Blood Orange Cranberry Cabernet Sauce. Say that five times fast!
It doesn’t exactly flow off the tongue, but I had to mention what was IN the sauce to let you know that it’s not your average cranberry sauce.
I got the inspiration from Alexandra’s Kitchen . Red wine sounded like a perfect accompaniment to this tart yet sweet sauce. I also happened to have blood oranges on hand – they’re in season now – and I have always noticed that when you mix foods that match in color, more often than not, they tend to go well together.
If you have never had a blood orange before, it’s a bit like a citrus-like raspberry. It has subtle bitter notes but still sweet. The color, when sliced is also similar to “blood” – hence the name. The beauty of them is that they are all different. Some are much lighter, and some range from light to dark.
When I went to the Kosher Food Bloggers Conference on November 9th, Yosef Silver of Kosherwine.com (banner link below) was speaking on the panel. I happened to get this Zmora Cabernet Sauvignon at a local store near me before I knew of kosherwine.com, (and before I got pregnant!) but after checking out their website, I do have to say that they make the process pretty simple.

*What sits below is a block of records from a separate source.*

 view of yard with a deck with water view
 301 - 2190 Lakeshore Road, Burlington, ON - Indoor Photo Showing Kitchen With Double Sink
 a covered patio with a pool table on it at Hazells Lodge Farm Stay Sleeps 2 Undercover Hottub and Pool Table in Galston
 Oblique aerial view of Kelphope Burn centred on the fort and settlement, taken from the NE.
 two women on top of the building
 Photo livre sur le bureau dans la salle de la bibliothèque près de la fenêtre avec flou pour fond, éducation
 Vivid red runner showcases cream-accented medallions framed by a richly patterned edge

I recommend that you check it out.
The website breaks down things like flavor profile, alcohol content, dryness and even if it is kosher for Passover or not. They even give you a chance to win free wines when you write reviews about the wine!

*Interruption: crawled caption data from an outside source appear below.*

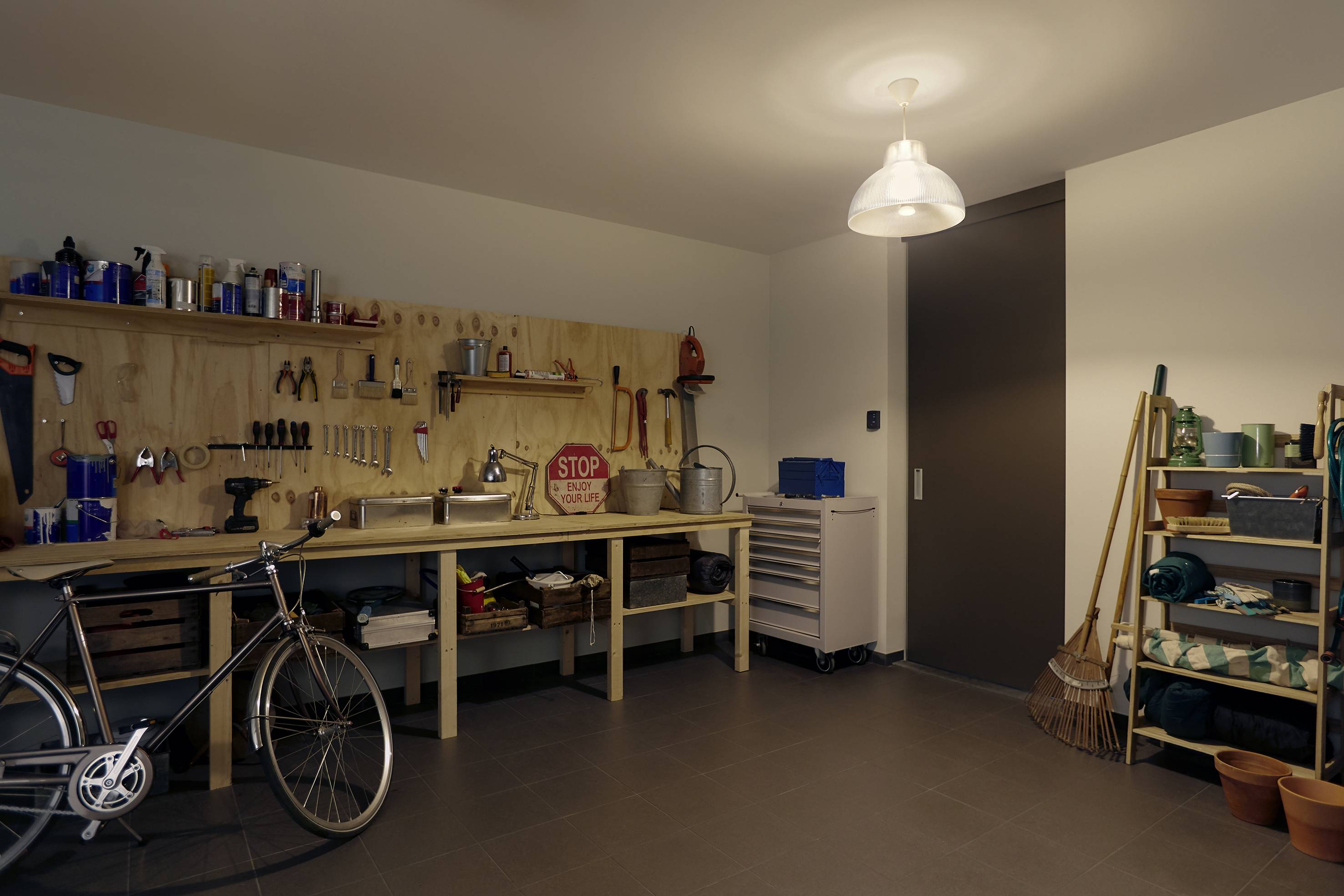 Bicycle in a workshop with tools on the wall, shelves of gardening equipment, and good lighting.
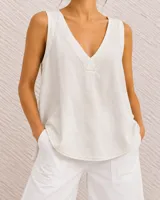 Musculosa de lino color beige, sin mangas, con escote en V y costuras pespunteadas en contraste.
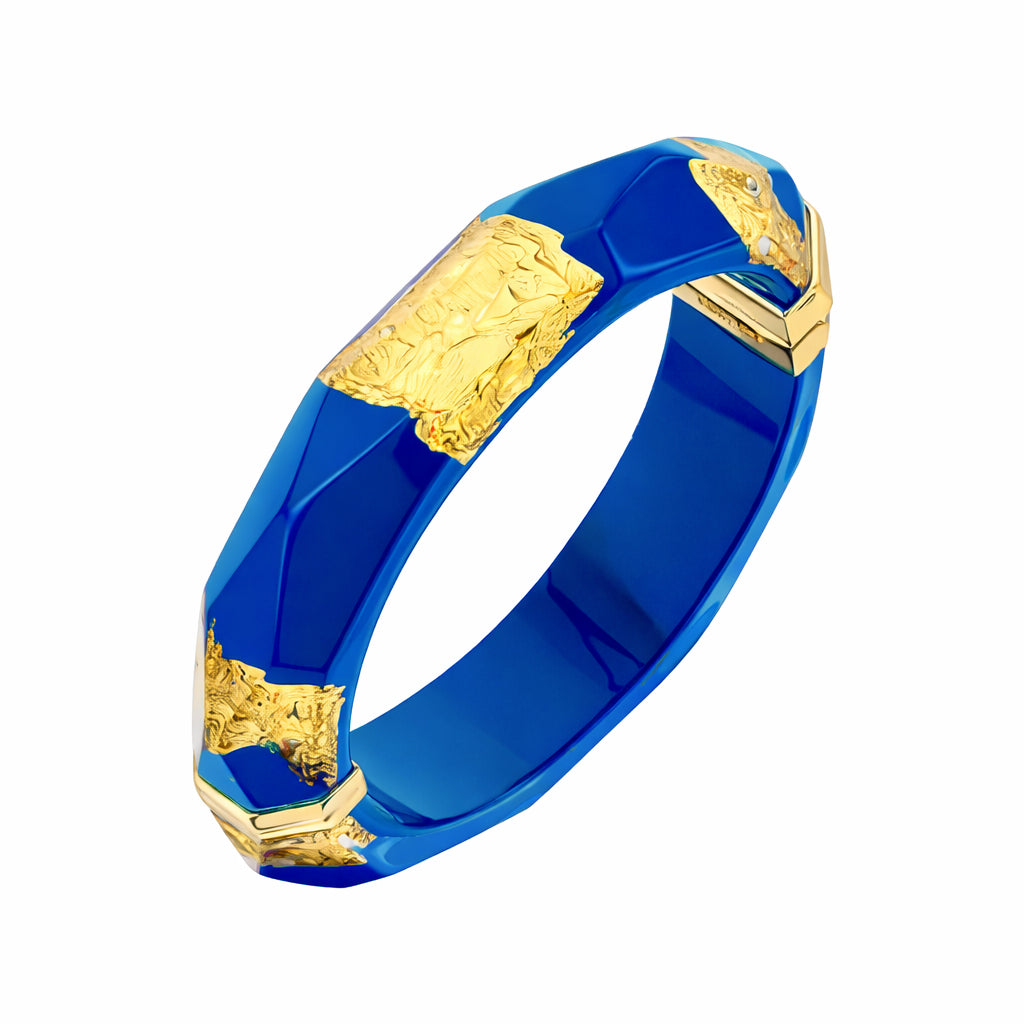 Blue bracelet with gold accents on a white background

This post contains an affiliate link which means if you purchase products through this link, I will receive a small percentage which helps keep The Kosher Tomato blog running. All opinions are my own.
I like that the wine gives it that beautiful deep color, the blood orange balances the sweet and bitter notes and it truly feels like a “sauce” and not an overly sweet jam.
Blood Orange Cranberry & Cabernet Sauce
Author:
Ingredients
- 12 ounces whole fresh cranberries (frozen would also work)
- 12 ounces water
- 2/3 cup sugar
- 4 ounces Cabernet Sauvignon ( I used Zmora which has fruity and floral notes)
- 1 cinnamon stick
- 1 blood orange, zest, “supremed” – which means I removed just the flesh from the membranes & juiced (I did not use a micro plane, instead just lightly peeled, making sure not to peel the “pith” – white part as well)
- 1 or 2 slices blood orange for decoration
Instructions
- Combine cranberries and water and cook over moderate heat until the berries pop open. Add the sugar and mix well.
- Once thickened a bit, add the wine and allow it to cook out for approximately 5 minutes or so.
- Add the zest, juice and cinnamon stick and cook until you have reached your desired consistency. You can always add water to thin it out.